** DIRECTIONS FOR THIS TASK **
The range to repeat runs from the line with "this 1000×667 image." to the last line below, both ends included; give it exactly and without pictures.

** STORED DATA **
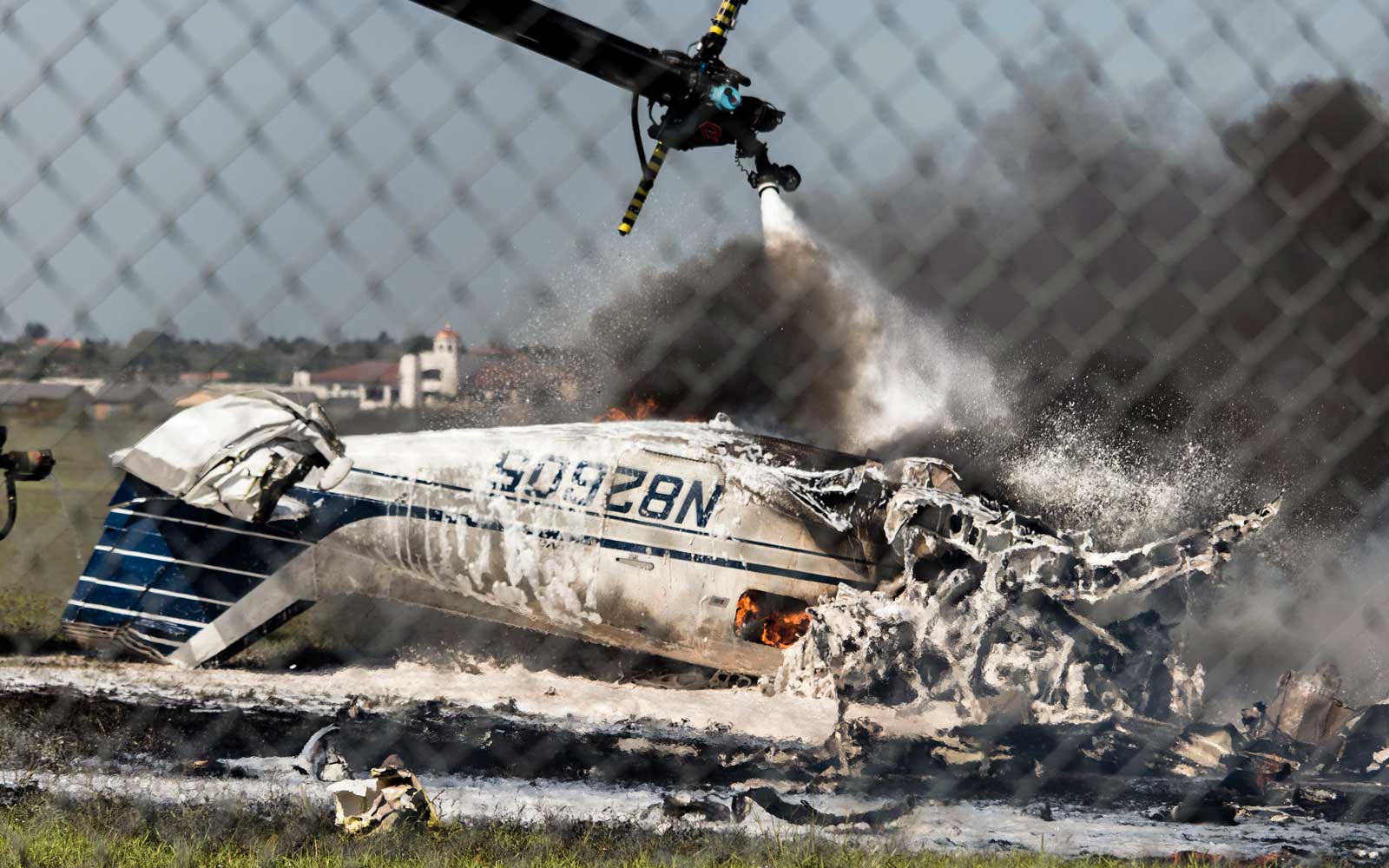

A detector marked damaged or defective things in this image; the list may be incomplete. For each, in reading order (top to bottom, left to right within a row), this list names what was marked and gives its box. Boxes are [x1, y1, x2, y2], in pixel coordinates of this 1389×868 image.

crashed airplane fuselage [63, 394, 1278, 683]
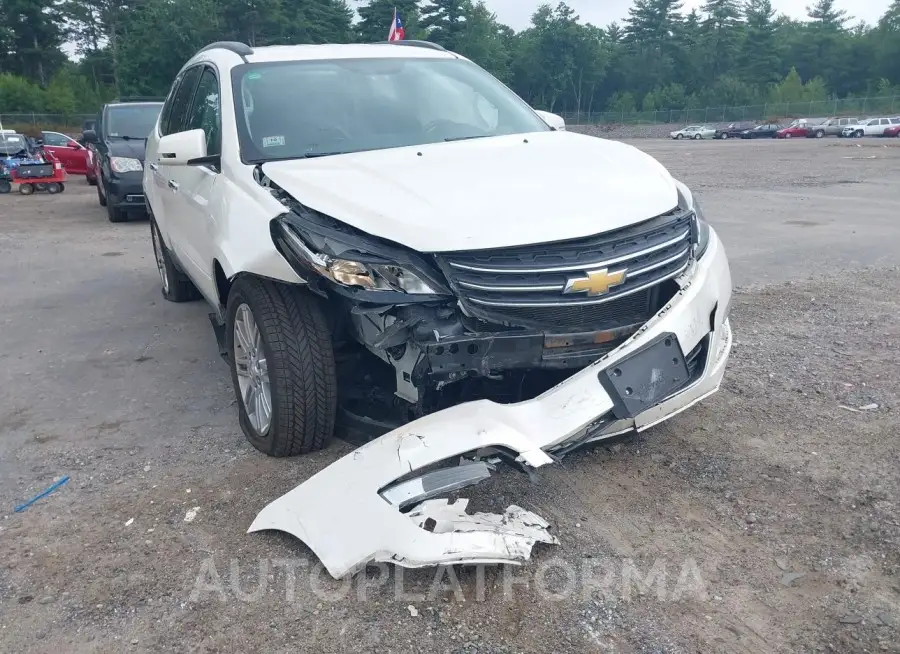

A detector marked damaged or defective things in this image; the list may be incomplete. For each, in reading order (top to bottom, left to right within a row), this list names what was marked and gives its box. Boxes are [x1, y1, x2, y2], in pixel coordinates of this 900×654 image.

broken headlight assembly [268, 210, 448, 298]
damaged white suv [142, 39, 732, 580]
cracked front bumper [246, 229, 732, 580]
detached bumper piece [250, 231, 736, 580]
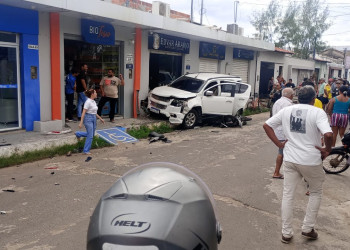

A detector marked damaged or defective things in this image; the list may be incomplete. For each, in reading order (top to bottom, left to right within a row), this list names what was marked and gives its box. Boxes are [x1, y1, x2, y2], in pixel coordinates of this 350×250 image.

detached car part on ground [147, 73, 252, 129]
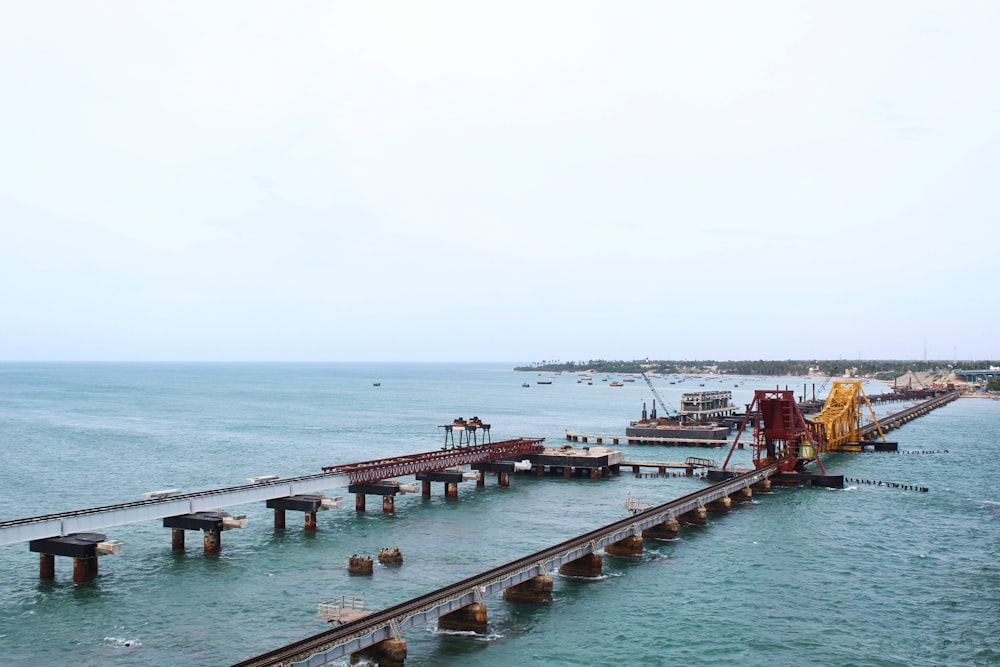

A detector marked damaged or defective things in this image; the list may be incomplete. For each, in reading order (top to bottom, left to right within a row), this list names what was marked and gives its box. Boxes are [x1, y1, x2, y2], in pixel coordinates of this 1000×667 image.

rusty pillar [202, 528, 220, 556]
rusty pillar [604, 536, 644, 556]
rusty pillar [640, 520, 680, 540]
rusty pillar [39, 552, 55, 580]
rusty pillar [72, 560, 91, 584]
rusty pillar [556, 552, 600, 580]
rusty pillar [500, 576, 556, 604]
rusty pillar [438, 604, 488, 636]
rusty pillar [352, 636, 406, 667]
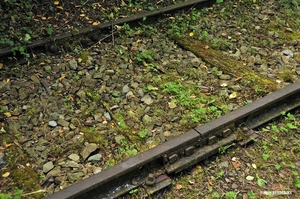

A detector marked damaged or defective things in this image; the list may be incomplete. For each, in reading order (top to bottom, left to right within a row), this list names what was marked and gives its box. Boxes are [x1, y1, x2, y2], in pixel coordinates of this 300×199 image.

rusty rail track [0, 0, 213, 64]
rusty rail track [44, 81, 300, 198]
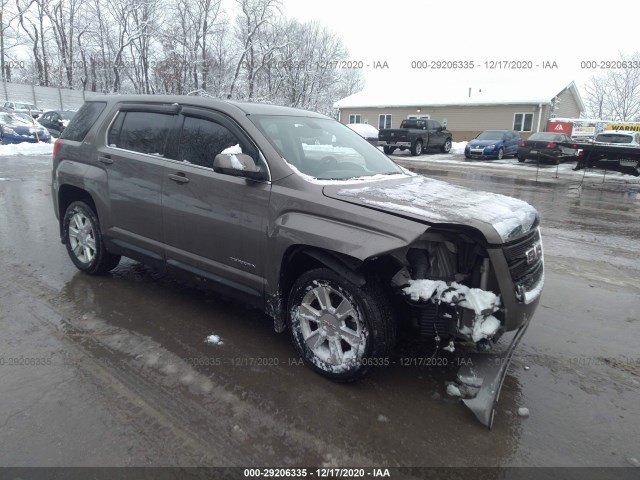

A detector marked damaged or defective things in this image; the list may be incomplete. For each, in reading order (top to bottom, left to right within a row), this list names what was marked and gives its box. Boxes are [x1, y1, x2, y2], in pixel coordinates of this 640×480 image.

damaged suv [51, 95, 544, 426]
damaged front bumper [456, 320, 528, 430]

** ANSWER **
A detector marked damaged or defective things in this image; the list may be incomplete. For each, in reading order (top to bottom, left to right within a row), this list names what was marked and gives its box. Boxes are [x1, y1, x2, y2], in pixel coordinates of this 1000×667 image.

rusty pillar [202, 528, 220, 556]
rusty pillar [604, 536, 644, 556]
rusty pillar [640, 520, 680, 540]
rusty pillar [39, 552, 55, 580]
rusty pillar [72, 560, 91, 584]
rusty pillar [556, 552, 600, 580]
rusty pillar [500, 576, 556, 604]
rusty pillar [438, 604, 488, 636]
rusty pillar [352, 636, 406, 667]

A detector marked damaged or defective things in this image; the list may be incomplete. For each, in reading order (top to bottom, left to right within a row), this list names what was marked and gives its box. Boxes are [x1, y1, x2, y2], in pixel coordinates of this 300×199 image.

rusty rail track [0, 0, 213, 64]
rusty rail track [44, 81, 300, 198]

A detector marked damaged or defective things in this image; the list may be incomplete. For each, in reading order (top to bottom, left to right within a row), this list names what was marked and gives its box. Boxes are [x1, y1, x2, y2], in pixel coordinates of this 640×480 image.

damaged suv [51, 95, 544, 426]
damaged front bumper [456, 320, 528, 430]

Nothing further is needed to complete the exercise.